Already, Idaho Democrats have called for a special session to restore the primary, scheduling it along with the primaries for other offices in May as was the intent of the bill that was initially brought before the state legislature earlier this year. But Gem state Democrats have also put forth a contingency plan for caucuses on Saturday, May 18 if the legislature does not act to fix the primary problem in time for 2024.

But what about Republicans in the Gem state? 

For Idaho Republicans both the demands and the contingency plans are different. In fact, there are two plans from which the Idaho Republican Party State Central Committee will choose at the summer meeting in Challis on June 23-24: a caucus plan and a convention plan.


Presidential Caucus Plan

Idaho Republicans do have some recent experience with the use of caucuses for allocating and selecting delegates. The party last used one in 2012. But the 2024 caucus plan proposed by Region 2 Chair Clinton Daniel strays from the vote-until-a-candidate-receives-a-majority, winner-take-all method the party used in the cycle when Mitt Romney won the caucuses. 

Instead, the Daniel’s proposal would provide for a more traditional caucus with a more conventional allocation scheme. First of all, the delegates would be pooled under the provisions of the plan. There would be just one allocation for the at-large, congressional district and automatic/party delegates combined. Additionally, there would be a winner-take-all trigger, where, if a candidate wins a majority of the caucus preference vote statewide, then that candidate would be awarded all of the Idaho delegates. Otherwise, delegates would be proportionally allocated with a 15 percent qualifying threshold. Any rounding would be to the nearest whole delegate with any unallocated delegate going to the winner. 

Again, all of that is fairly conventional. But there are a few unique provisions in the proposed caucus plan:

  1. The date: The proposed date for the presidential caucuses in this plan? Saturday, March 2, the same day as the Michigan Republican district caucuses. Basically, both of those contests would fall into a position on the calendar similar to that of the South Carolina Democratic primary in 2020, the Saturday before Super Tuesday.1 That is not the February date that Idaho Republican Party Chair Dorothy Moon talked about in the committee hearing that derailed the presidential primary fix, but it is close. 

  2. A conditional caucus: But there is a catch in the caucus plan. If the state legislature restores the presidential primary before the October 1 RNC deadline for delegate selection plans to be submitted to the national party, then the Idaho Republican Party would use the state-run primary. However, Idaho Republicans would only use the primary if the election is scheduled for the second Tuesday in March as it was before H 138 unintentionally eliminated it this past legislative session. [This seems unlikely. What drove the elimination of the separate presidential primary in the first place last winter was the cost savings associated with consolidating the presidential preference vote with other primary elections in May.]
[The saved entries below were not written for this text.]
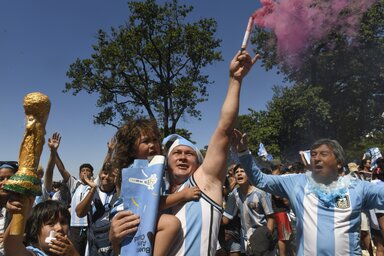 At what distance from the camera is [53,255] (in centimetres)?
211

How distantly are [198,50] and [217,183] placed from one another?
18723 mm

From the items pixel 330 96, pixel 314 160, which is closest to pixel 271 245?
pixel 314 160

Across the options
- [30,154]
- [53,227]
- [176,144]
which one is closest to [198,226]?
[176,144]

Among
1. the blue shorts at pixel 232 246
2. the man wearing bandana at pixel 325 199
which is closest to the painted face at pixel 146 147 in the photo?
the man wearing bandana at pixel 325 199

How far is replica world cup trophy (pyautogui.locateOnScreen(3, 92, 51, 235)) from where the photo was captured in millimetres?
1384

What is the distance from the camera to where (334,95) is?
75.6ft

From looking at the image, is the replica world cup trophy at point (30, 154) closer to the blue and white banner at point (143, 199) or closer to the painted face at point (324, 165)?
the blue and white banner at point (143, 199)

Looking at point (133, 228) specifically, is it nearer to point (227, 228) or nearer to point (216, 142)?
point (216, 142)

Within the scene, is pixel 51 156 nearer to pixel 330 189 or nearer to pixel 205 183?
pixel 205 183

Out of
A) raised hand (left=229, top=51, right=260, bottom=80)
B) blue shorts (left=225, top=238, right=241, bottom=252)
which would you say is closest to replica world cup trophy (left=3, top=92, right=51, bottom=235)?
raised hand (left=229, top=51, right=260, bottom=80)

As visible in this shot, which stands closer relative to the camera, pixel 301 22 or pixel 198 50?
pixel 301 22

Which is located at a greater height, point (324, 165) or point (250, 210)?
point (324, 165)

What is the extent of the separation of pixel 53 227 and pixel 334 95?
22924 mm

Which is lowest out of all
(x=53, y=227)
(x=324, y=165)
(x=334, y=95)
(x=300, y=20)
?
(x=53, y=227) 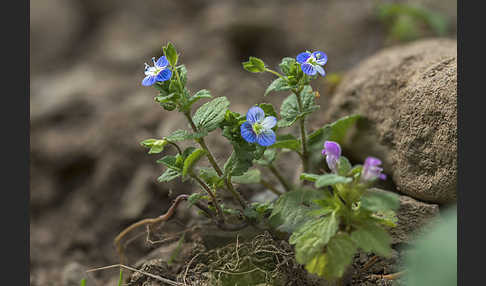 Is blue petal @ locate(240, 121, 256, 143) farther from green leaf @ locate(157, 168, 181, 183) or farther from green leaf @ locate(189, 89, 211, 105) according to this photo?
green leaf @ locate(157, 168, 181, 183)

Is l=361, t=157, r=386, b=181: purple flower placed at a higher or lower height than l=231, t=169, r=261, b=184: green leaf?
lower

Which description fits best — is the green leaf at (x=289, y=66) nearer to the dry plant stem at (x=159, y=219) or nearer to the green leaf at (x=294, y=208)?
the green leaf at (x=294, y=208)

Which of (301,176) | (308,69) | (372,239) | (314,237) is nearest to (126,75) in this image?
(308,69)

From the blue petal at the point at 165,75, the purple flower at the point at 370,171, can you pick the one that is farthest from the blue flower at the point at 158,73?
the purple flower at the point at 370,171

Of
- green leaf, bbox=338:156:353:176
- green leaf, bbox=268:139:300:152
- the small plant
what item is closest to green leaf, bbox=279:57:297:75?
the small plant

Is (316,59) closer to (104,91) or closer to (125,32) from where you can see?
(104,91)

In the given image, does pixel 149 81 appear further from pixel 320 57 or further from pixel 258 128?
pixel 320 57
  3. A two-tiered filing process: If the prime, March 2 date is not enough to draw candidates out to the Gem state to campaign and spend money, the system under which candidates will file to participate in the caucuses may. The baseline filing fee is set at $50,000 under the proposal. Candidates may choose not to campaign or spend money in the state, but the campaigns would have to fork over an exorbitant fee to the state party, a fee that may cushion that blow to Idaho Republicans of candidates skipping out on the state. But that is not the only filing option. The fee is cut in half if the candidate holds an event in the state sometime during January or February 2024. That is still a lofty fee and it has the benefit of bringing the candidates into the state. It is a clever twist that a state party can more easily pull off with a party-run process (than a state-run one, the parameters of which are defined by state law).